24) Jesus as Bridegroom. Seeing marriage as a sign of my relationship with God, such that I understand God as not only someone I am obedient to, but someone that my whole being and heart are destined for in a nuptial sense. In this way, religion engages not only my obedience, but my whole heart, which beats for romantic desire.
25) An understanding of relationships as being the most important thing, for God Himself is relational. To understand the greatest tragedies not in material terms, but in the sense of ruptured relationships. Understanding that I am fundamentally relational.
26) Wisdom on how to make sense of my emotions and how they are purposeful. A human anthropology that lets me think about everything that is going on "inside," and having vocabulary for it: passions, intellect, free will.
27) Greater integration of my whole self: I don't just worship in my head or sentiments, I worship with my body.
28) An integrated sense of history, wherein God has spoken consistently and purposefully to mankind from the very beginning. A way of understanding world events and empires as part of God's design to bring the world to Christ. Seeing God work through history in a stable way through His 2000 year old Catholic Church.
29) The ability to "offer up" my sufferings for others, so that I have a conscious participation in helping others through my suffering. The ability to help someone on the other end of the world through prayer and sacrifice.

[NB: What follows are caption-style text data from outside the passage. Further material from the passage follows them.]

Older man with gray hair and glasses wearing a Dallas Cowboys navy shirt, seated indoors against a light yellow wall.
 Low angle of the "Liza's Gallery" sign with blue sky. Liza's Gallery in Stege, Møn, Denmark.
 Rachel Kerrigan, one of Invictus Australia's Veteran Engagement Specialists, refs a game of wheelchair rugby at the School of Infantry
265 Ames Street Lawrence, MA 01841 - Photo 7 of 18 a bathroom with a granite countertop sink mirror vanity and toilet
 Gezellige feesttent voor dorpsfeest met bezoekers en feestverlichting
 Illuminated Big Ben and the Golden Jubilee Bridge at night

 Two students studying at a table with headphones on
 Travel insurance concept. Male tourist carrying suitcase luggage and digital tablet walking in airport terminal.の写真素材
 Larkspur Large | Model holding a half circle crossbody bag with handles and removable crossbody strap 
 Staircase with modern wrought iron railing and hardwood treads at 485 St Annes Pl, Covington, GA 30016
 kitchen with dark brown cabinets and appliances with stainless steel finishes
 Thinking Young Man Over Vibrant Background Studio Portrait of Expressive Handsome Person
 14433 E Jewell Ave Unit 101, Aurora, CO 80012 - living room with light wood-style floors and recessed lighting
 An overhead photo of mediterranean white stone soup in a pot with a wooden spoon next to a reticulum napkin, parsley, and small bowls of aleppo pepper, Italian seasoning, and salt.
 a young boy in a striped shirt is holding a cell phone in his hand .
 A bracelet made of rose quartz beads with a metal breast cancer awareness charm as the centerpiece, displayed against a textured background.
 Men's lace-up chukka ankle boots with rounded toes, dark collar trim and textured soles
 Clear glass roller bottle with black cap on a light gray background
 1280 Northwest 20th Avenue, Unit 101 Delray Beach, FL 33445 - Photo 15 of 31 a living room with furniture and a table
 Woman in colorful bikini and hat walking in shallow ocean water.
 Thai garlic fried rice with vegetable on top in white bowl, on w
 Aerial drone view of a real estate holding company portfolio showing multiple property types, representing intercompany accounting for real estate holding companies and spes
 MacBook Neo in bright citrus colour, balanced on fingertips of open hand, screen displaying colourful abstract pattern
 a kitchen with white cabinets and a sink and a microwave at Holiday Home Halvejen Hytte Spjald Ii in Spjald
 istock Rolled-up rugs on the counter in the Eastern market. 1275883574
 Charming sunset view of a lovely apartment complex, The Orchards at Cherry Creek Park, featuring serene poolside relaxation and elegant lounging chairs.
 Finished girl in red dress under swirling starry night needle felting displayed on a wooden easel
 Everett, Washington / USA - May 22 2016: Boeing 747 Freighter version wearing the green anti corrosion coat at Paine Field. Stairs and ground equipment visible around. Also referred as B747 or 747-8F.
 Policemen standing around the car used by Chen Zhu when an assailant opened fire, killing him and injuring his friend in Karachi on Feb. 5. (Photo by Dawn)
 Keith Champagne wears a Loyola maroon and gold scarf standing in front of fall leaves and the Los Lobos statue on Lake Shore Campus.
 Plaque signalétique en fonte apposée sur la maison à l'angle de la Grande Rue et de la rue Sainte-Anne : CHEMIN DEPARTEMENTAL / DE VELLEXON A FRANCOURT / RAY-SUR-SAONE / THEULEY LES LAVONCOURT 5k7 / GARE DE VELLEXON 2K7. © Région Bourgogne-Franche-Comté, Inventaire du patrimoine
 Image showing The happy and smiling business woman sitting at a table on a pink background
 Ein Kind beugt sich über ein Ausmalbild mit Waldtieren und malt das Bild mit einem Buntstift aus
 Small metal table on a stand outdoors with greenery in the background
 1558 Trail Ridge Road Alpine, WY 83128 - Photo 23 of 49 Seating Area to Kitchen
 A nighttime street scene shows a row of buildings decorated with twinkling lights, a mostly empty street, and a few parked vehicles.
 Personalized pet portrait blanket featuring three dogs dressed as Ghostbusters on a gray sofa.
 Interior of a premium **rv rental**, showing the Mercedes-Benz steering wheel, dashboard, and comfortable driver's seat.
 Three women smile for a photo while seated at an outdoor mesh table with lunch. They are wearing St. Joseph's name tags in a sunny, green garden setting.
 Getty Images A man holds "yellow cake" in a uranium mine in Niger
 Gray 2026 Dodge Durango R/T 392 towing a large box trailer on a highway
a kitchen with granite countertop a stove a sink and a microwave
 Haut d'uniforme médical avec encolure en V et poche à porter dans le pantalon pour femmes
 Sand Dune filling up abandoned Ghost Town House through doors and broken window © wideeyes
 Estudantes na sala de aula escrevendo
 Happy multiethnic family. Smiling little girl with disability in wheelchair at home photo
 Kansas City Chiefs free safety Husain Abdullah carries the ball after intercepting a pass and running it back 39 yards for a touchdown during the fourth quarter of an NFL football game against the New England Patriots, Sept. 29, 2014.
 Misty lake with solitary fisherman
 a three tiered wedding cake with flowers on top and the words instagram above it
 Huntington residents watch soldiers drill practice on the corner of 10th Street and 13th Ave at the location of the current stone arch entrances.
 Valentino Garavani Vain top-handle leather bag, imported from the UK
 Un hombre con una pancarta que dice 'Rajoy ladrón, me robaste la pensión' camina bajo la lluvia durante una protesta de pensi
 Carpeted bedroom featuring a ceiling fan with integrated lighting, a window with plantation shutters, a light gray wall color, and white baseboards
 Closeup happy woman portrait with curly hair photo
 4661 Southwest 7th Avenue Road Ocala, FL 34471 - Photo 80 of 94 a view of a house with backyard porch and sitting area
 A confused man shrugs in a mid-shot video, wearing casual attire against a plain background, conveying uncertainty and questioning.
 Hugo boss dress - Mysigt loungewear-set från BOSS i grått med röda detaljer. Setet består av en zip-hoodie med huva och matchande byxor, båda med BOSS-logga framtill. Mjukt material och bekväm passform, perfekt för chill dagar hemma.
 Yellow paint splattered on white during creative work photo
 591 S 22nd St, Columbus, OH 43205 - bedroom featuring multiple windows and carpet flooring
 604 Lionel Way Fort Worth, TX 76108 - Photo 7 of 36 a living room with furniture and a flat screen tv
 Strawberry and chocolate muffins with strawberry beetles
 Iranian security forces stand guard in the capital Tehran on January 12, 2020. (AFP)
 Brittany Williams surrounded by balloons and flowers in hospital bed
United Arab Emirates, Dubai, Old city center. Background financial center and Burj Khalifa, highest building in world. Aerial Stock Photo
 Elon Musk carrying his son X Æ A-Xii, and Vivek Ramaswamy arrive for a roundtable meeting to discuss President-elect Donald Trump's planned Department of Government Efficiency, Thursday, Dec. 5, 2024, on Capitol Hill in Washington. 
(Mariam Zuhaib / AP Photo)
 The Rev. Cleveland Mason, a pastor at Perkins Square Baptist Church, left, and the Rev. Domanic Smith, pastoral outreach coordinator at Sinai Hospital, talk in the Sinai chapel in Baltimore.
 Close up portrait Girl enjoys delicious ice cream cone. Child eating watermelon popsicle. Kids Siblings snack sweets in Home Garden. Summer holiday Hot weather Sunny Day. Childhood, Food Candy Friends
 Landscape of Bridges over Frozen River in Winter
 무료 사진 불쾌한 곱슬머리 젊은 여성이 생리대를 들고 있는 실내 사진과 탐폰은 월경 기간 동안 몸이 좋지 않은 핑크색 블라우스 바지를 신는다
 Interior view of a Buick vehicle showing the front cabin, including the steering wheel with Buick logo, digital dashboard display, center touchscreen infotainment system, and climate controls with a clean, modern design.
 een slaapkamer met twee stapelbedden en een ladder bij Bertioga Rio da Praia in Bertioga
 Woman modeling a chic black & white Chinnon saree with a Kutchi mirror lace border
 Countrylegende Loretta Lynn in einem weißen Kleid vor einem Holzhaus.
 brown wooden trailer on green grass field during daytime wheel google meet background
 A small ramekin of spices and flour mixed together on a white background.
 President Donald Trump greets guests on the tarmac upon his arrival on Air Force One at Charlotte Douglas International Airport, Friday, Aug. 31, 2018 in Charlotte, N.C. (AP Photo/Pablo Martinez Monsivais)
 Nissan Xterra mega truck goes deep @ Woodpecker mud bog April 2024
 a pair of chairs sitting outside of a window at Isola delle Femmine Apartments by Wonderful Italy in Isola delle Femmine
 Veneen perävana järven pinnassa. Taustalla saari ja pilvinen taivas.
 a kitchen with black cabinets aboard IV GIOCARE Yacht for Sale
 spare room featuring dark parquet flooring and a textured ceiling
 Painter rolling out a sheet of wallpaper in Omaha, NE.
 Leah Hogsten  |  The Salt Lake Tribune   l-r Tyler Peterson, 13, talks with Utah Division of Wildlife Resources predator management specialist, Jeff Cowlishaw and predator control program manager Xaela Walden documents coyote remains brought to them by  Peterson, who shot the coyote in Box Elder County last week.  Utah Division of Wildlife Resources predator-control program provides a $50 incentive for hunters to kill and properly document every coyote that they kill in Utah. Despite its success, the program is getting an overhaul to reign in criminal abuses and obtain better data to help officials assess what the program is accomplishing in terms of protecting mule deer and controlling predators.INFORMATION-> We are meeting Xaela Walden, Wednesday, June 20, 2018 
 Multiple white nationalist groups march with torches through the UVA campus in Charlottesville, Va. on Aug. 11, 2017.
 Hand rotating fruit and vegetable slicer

30) The teaching on Original Sin helps me to make peace with my own incomprehensible complexity and understand why I have hurt myself and others, and why they have hurt me.
31) Healed relationship with my femininity. I can make peace with feeling less motivated by money and ambition, and understand why I have the need to focus on nurturing even though this offers less worldly compensation.
32) Greater respect for nature, and awareness that God works through natural processes. Increased respect for my human needs, including need for exercise, a balanced lifestyle, pleasure, and the reality that I have finite energy and can only learn things gradually, even spiritual things, which grow in tandem with natural development.

I'm sure there are more things.....

Without all of this healing, which I believe could only be totally achieved through my conversion to Catholicism, I was fundamentally alienated. I didn't know how to make sense of myself, my relationships, or the "big picture." It's not that all of my ideas about these things were flawed, it's just that they weren't anchored in something bigger and trustworthy beyond myself. It was just "my" idea. I wanted to know what God's ideas were. Only Catholicism taught that God Himself walked the earth and established a permanent Church that could impart His truths to mankind. Now, I can rest in knowing that the truth doesn't reside "in my head." It is something objective and historical, outside of myself.